Uri Cohen, vice president of product management at GigaSpaces, said there are two major reasons for the growth of in-memory data grids. “The first is that the market for such solutions has definitely grown, with drivers such as the explosion of user-generated data and Web-scale deployments,” he said. “Whereas in the past most of the demand for these technologies came from high-end financial services and telecom applications, today it’s prevalent in almost every vertical.
“We’re seeing this demand in e-commerce, travel, fraud detection, homeland security, and SaaS implementations, to name a few. Some apps need to process tens or even hundreds of thousands of events per second, which is only feasible if you’re using a distributed architecture. The in-memory aspect of things is what allows you to do it at real-time latencies, meaning you can do this as the events are flowing into your system and not have to wait for a batch Map/Reduce job to get the processed data and insights.
“The second trend is that with the advent of NoSQL data stores and cloud technologies, which drive people toward distributed architectures, the market is much better educated about such technologies and understands the trade-offs associated with them, with terms like CAP and BASE being widely known and reasonably well-comprehended. This saves us a lot of work in explaining our technology and how to implement your applications on top of it.”
Indeed, analytics are a major new draw to in-memory data grids, said Pezzini. “In the context of big data applications, what happens is the customers store data in memory to an in-memory data grid. In some cases, they are storing terabytes of data, and they want to run analytical types of applications on top of that. [That means supporting] query languages and Map/Reduce APIs. I believe this will be the next battleground.”
Craig Blitz, senior group product manager of Oracle Coherence, the in-memory data grid cited as the most popular by Pezzini, said that Coherence is seeing increasing use in analytics, as well.

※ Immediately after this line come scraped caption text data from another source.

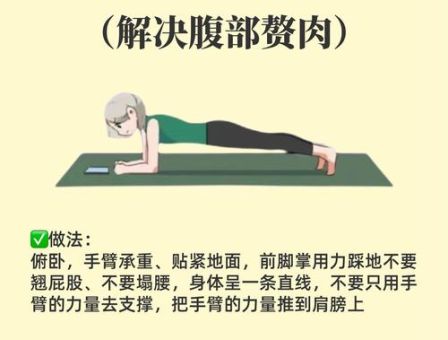 怎么样瘦腰最有效快速瘦腰的7个实用小技巧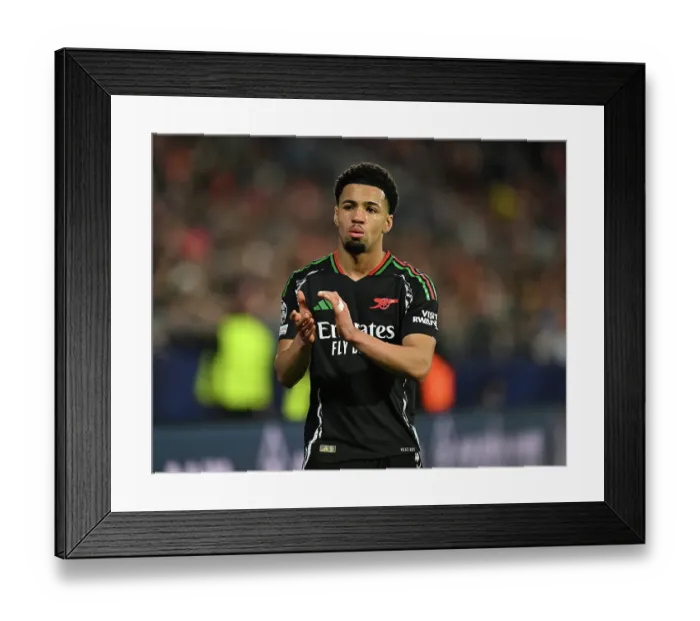 Framed Print : Girona FC v Arsenal FC - UEFA Champions League 2024 / 25 League Phase MD8 Framed Print : Girona FC v Arsenal FC - UEFA Champions League 2024 / 25 League Phase MD8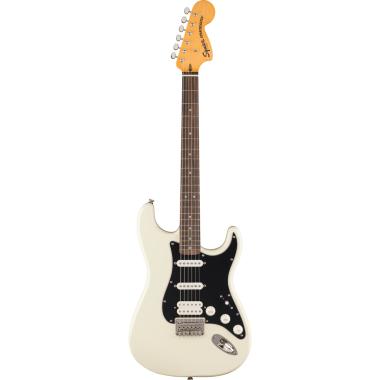 Fender classic vibe 70s stratocaster ht hss lrl bpg olympic white chitarra elettrica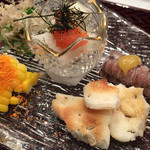 ふじ原 - 五種盛り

“Data grids play a key role in handling these new demands,” said Blitz. “Their distributed caching capabilities offload shared services by reducing the new number of repeated reads across all application instances and, in the case of Oracle Coherence, by batching and coalescing writes. Application objects are stored in-memory in the application tier or a separate data grid tier (or both, using Oracle Coherence’s near caching capabilities). Oracle Coherence provides a rich set of query, Map/Reduce aggregation and eventing capabilities to provide for a scalable compute platform as well. Companies are using data grids to drive real-time event-based calculations as application objects are updated, then to provide fast access to those calculations.”
Ted Kenney, director of marketing at McObject, has taken a more vertical approach to in-memory data grids. McObject now offers the eXtremeDB Financial Edition specifically targeted at stock-trading platforms and other high-volume, high-speed trading systems.

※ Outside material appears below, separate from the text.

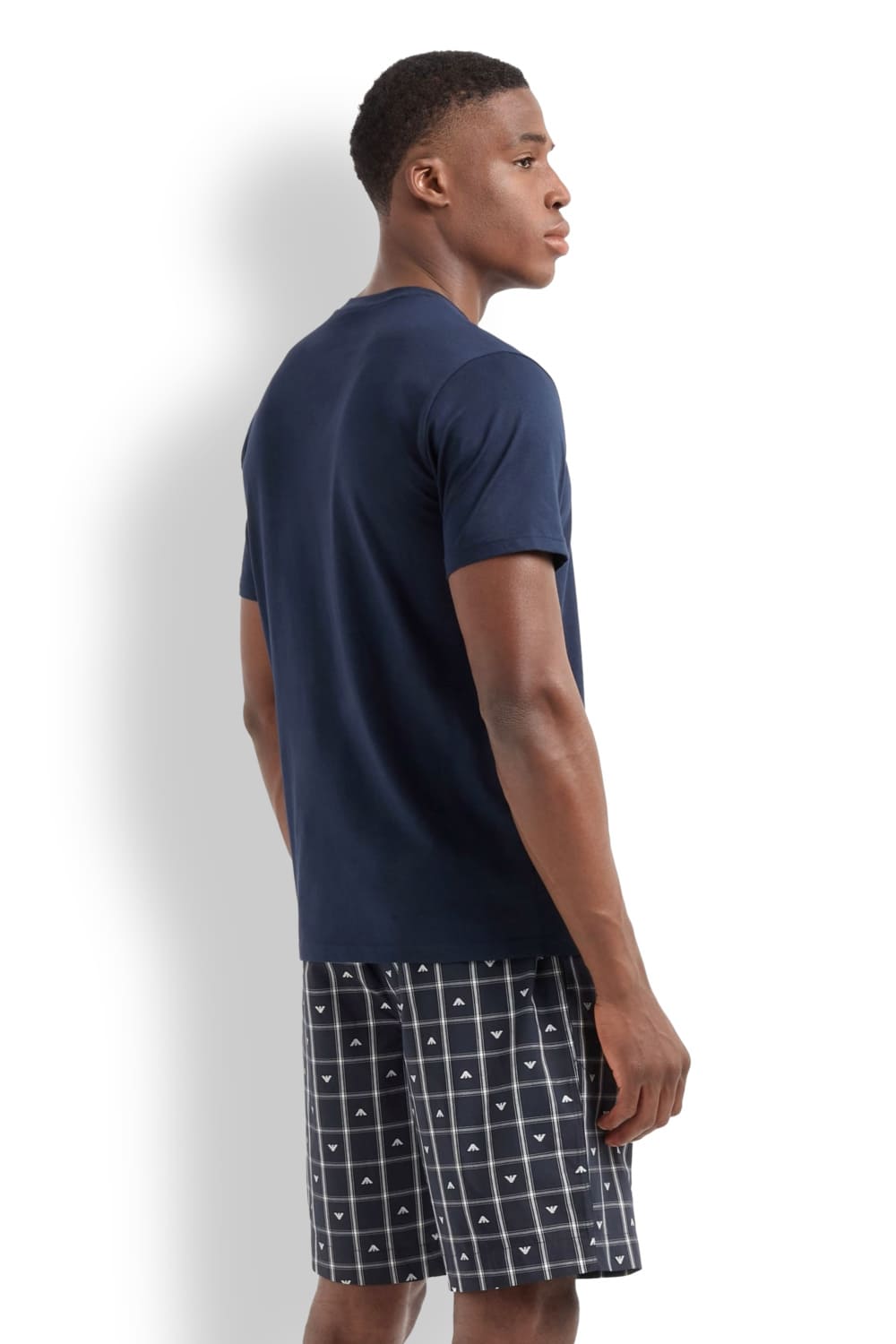 Мужская пижама из хлопка Emporio Armani EM000641 AF10803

“Data in the financial space is fairly specialized market data—with things like trades and quotes—and a lot of it is time-series data,” said Kenney. “It’s the same data point with different values that change at regular intervals over time. That requires a somewhat specialized approach to data management. Column-oriented databases are very good at that for fairly technical reasons. It’s much more efficient to manage it in a column database than in a row. That is the heart of the new features we’ve added in eXtremeDB Financial Edition.”
And that shows one of the key differentiators between in-memory data grids and other Big Data solutions, said Kenney: In-memory data grids don’t have to be huge. An Apache Hadoop cluster is almost worthless unless it’s hosting at least a dozen terabytes of data; analyzing such data would be faster on a local system than a cluster designed for petabytes of data. Thus, in-memory data grids, like eXtremeDB Financial Edition, can still yield performance benefits when hosting smaller sets of data (in the terabyte range and below).
“In the financial space, it doesn’t feel particularly crowded because of the unique needs of that space,” said Kenney. “The new entrants are large-scale big software applications. We find one of the most appealing things to developers in the financial space is something that comes from our embedded background: It has a short execution path, and doesn’t consume as many CPU cycles as these NoSQLs will.”